Indeed, ingestion of BT led to significant increments in brachial artery flow-mediated, i.e., NO-mediated, dilation (FMD). Duffy et al. [21] also demonstrated that both acute and prolonged black tea ingestion significantly improved FMD in patients with coronary artery disease [21]. The beneficial effects of tea on FMD were clearly related to significant increments in plasma flavonoid concentration, thereby strongly supporting the conclusion that black tea consumption markedly improved NO bioavailability in vivo because of its high flavonoid content. In a randomized controlled parallel study, Hodgson et al. [22] showed a significant and consistent increase in endothelium-dependent vasodilation after regular consumption of 5 cups/day (250 mL each) of black tea, given over a period of 4 week in mildly dyslipidemic subjects. The present study suggests that BT and E2 treatment is highly effective to reverse endothelial dysfunction in conduit arteries such as aortae and renal arteries (Fig. 3) and the flow-mediated dilatation in small resistance mesenteric arteries (Fig. 4) of OVX rats. The results of this study suggest that black tea has comparable effects to estrogen treatment in restoring NO availability and, in a similar way, the endothelial dysfunction observed in the animal model of estrogen deficiency.

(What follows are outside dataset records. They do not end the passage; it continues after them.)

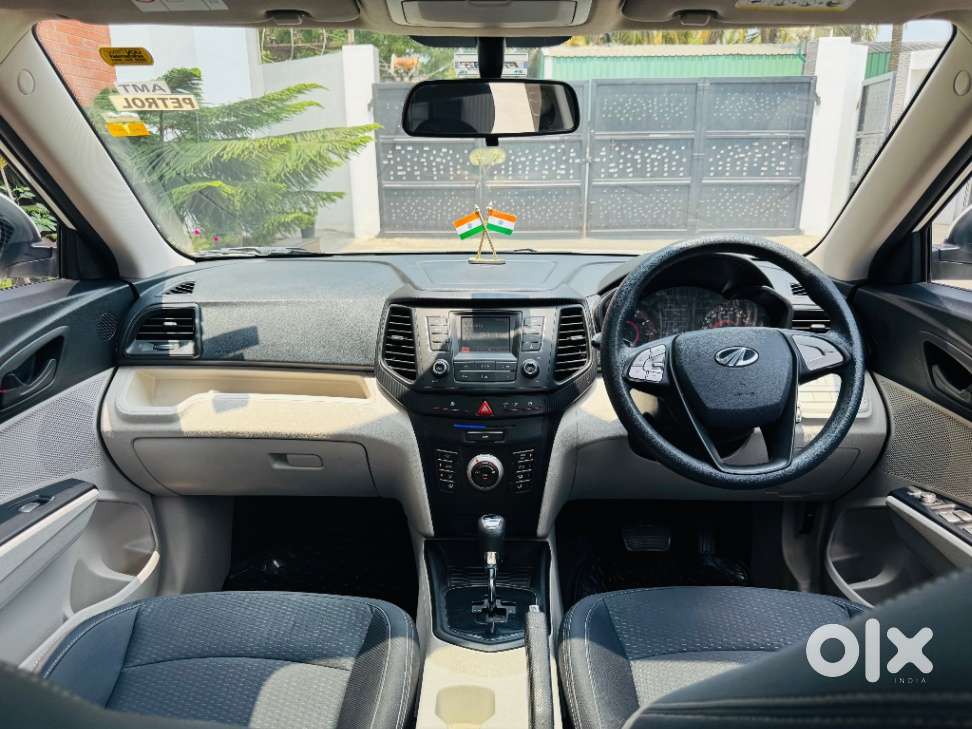 Mahindra Xuv300 1.2 W8 Amt Petrol, 2021, Petrol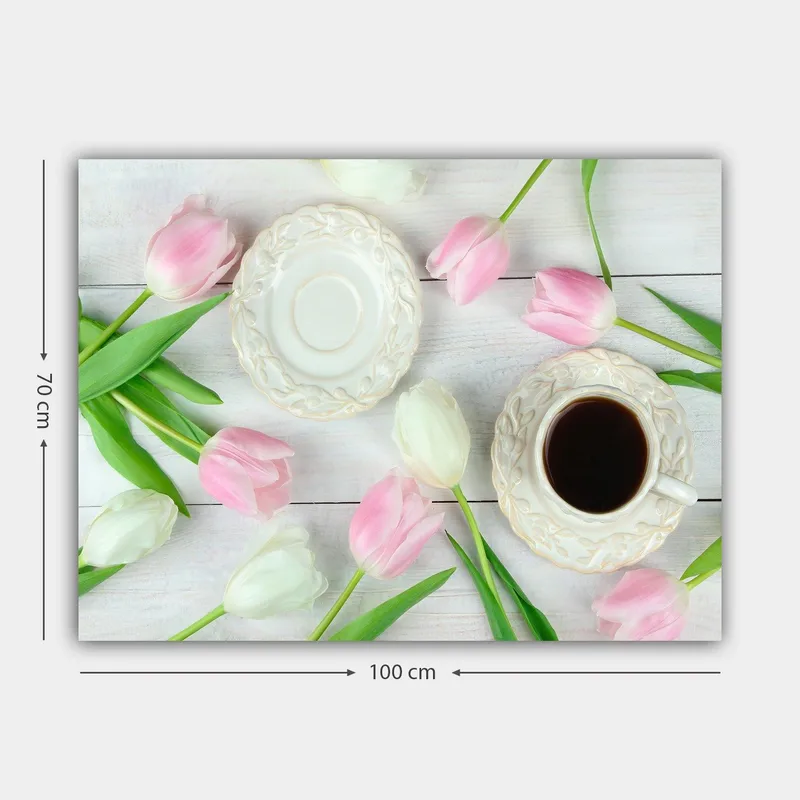 Canvastavla 70x100 cm - Stillsam dukning med en kopp kaffe och tulpaner i rosa och vitt - Rosa / Vitt / Grönt - Inredning - Tavlor & posters - Canvastavla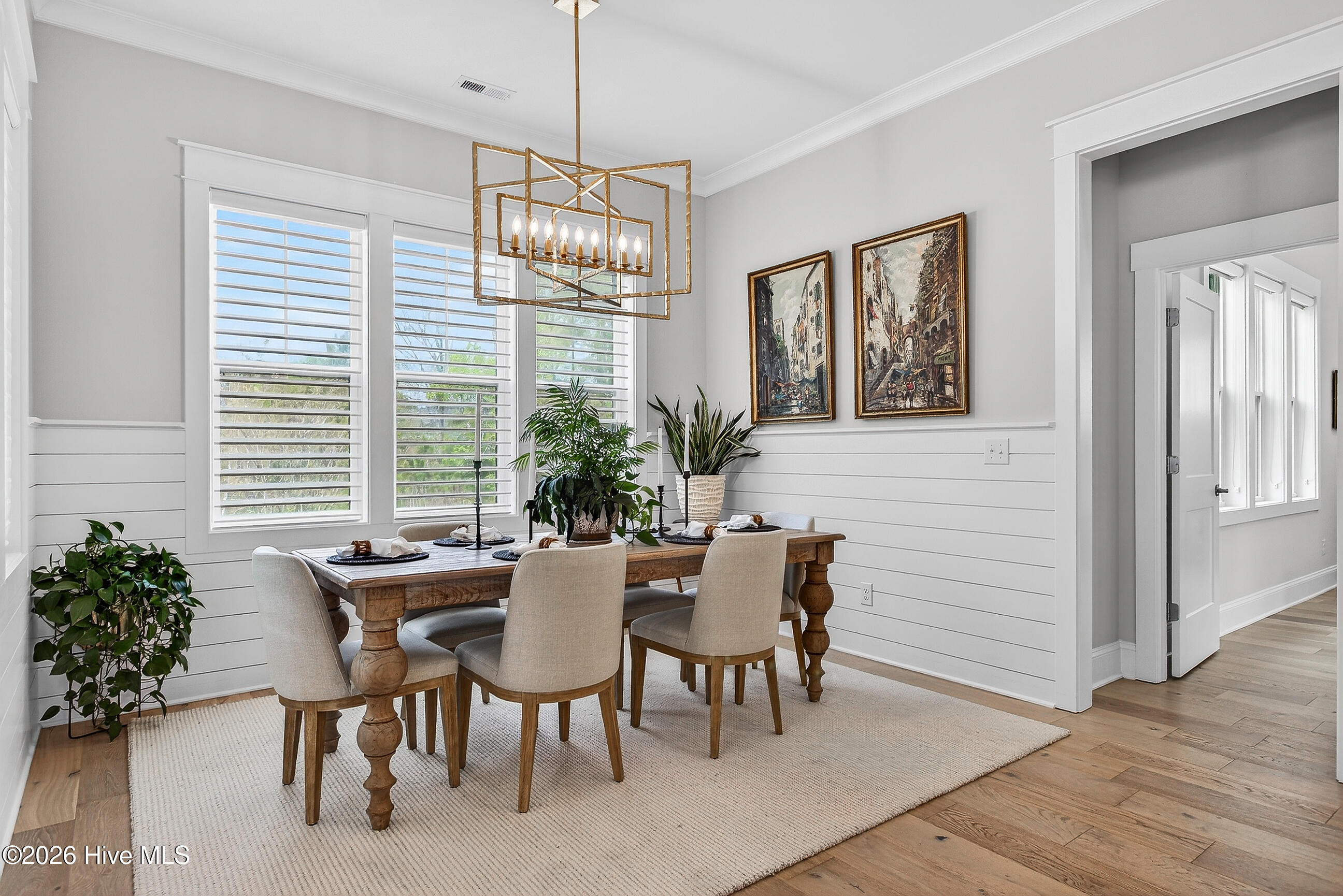 100564541 | Photo 24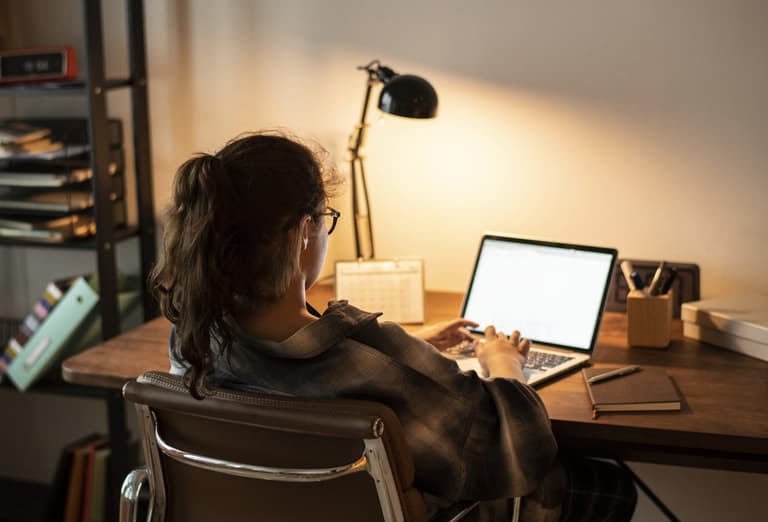 Court rules the walk from your bed to desk is officially a “commute” Court rules the walk from your bed to desk is officially a “commute”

An improved contribution of the NO pathway following BT treatment may involve either stimulation of eNOS activity or greater expression of the eNOS protein. The present finding showed that BT treatment failed to affect the expression of eNOS protein, however, induced the phosphorylation of eNOS (Fig. 5a, b). In addition, the increase in NO bioavailability might be attributed to the reduction in ROS production. Accumulative evidences suggested that ROS production during estrogen deprivation may lead to the development of endothelial dysfunction [2325], especially those ROS derived from NADPH oxidase, which is the main source of superoxide anion in the vascular system [26]. The present results suggest that BT and E2 treatment suppressed the expression of NADPH oxidase such as NOX-2 and NOX-4 (Fig. 5c, d) and thereby reduced the oxidative stress in vascular wall of OVX rats (Fig. 6). Taken together, the present novel finding reveals that black tea improves endothelial function in the same way as estrogen through inhibiting oxidative stress and increasing NO bioavailability in OVX rats.

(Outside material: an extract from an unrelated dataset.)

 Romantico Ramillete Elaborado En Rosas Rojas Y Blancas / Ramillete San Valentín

The cholesterol levels are generally high in postmenopausal women [27]. In the present experiment, ovariectomy resulted in an increase in total and HDL cholesterol, which was reversed by estrogen treatment in line with the findings in previous studies [14, 28]. Estrogen therapy is shown to induce favorable changes in plasma lipid profiles [29]. Although HDL is generally recognized as beneficial to endothelial function, the effect of estrogen may be partially due to reduced total cholesterol level which is not related to modulation of HDL level. A clinical trial by Davies et al. [30] demonstrated that daily inclusion of black tea reduces total cholesterol level significantly in mildly hypercholesterolemic adults and, therefore, minimizes the risk of coronary heart disease. We also present evidence supporting the effectiveness of black tea and estrogen treatments in modulating the lipid profiles in an estrogen deficient state OVX rats (Table 1). These findings may have important implications for the treatment of postmenopausal cardiovascular complications.

In conclusion, the present study indicates that chronic oral administration with black tea, similar to E2 treatment. Improved NO bioavailability accompanied by the reduced ROS production through the down-regulation of the expression of NADPH oxidase. The present data suggest that postmenopausal women can benefit from regular black tea consumption, probably counteracting the development of cardiovascular and metabolic abnormalities related to the rise in the level of the cholesterol level.